12. The facts of the case were stated by me in the order referring the case to a Bench of two Judges and need not be repeated.
13. The question referred to the Full Bench is ' whether the attachment before judgment in this case was subsisting after the dismissal of E. P. No. 183 of 1916 on the 19th September 1916.'
14. The decision turns upon (1) whether Order 21, Rule 57, ever applies to attachments before judgment and (2) if it does, under what conditions? The two questions are connected and will be discussed together.
15. They turn on the construction of the words ' attached in execution of a decree ' in Order 21, Rule 57. If an attachment be-lore judgment can ever become or be converted into an attachment in execution, the rule applies to an attachment before judgment after it is so converted into an attachment in execution. If such conversion is impossible, it does not.
16. In the Code of 1859 there was no provision Corresponding to Order 38, Rule 11, of the present Code.
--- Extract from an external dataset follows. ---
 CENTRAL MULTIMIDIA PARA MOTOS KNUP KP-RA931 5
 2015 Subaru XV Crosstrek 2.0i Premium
There was a conflict of opinion on the necessity of a re-attachment by a decree-holder who had obtained an attachment before judgment and who desired execution of his decree.
17. In Calcutta, it was held that attachment before judgment and attachment in execution were so entirely different in their nature that one cannot subserve the purposes of the other and it was necessary for such a decree-holder to re-attach the property for purposes of execution--Sreeram Manick v. Tincowree Roy (1870) 13 WR (FB) . The High Court of North West Provinces took a different view. Pearson and Turner. JJ., in Sarkies, Agent of the Official Assignee of the Insolvent Court of Calcutta v. Mussumat Bundho Raee (1869) 1 NWPHCR 81, said ' Futhermore, there is in our judgment no difference between the effect of attachment obtained before, and attachment obtained after decree. ft is true that in the former case the plaintiff can only obtain an order for the attachment of specified property, whereas in the latter the decree-holder may obtain a general order for the attachment of the property of the judgment-debtor, wherever it may be found; but the reason for this difference is to be found in the grounds on which the Court is authorized to grant attachment before judgment, that is to say, the probability of the disposal of the property, or its removal out of the jurisdiction of the Court. In both processes the orders directing attachment are to be carried out under the provisions of Section 233 and the following sections; in both the claims of the third parties are to be similarly investigated under Sections 246 and 247; and to both apply the prohibitions contained in Section 240, which prohibitions we hold to embrace all the consequences resulting from attachment, whether the order be made before or after judgment. When property has been attached by actual seizure or written order, any private alienation thereof, whether by sale, gift, or otherwise, is null and void.' The legislature differing from the Calcutta view, and adopting the Allahabad view, enacted a section in the Code of 1877 similar to Order 38, Rule 11, making a re-attachment unnecessary and the attachment before judgment available for purposes of execution. It is true that after the Code of 1877 was passed, the Privy Council held on the Code of 1859, that the attachment before judgment continues and cannot be regarded as abandoned by the then practice of re-attachment (Ramkrishna Das Surrowji v. Surfunnissa Be-gum (1880) ILR 6 C 129,133. (P.C.) but this is immaterial.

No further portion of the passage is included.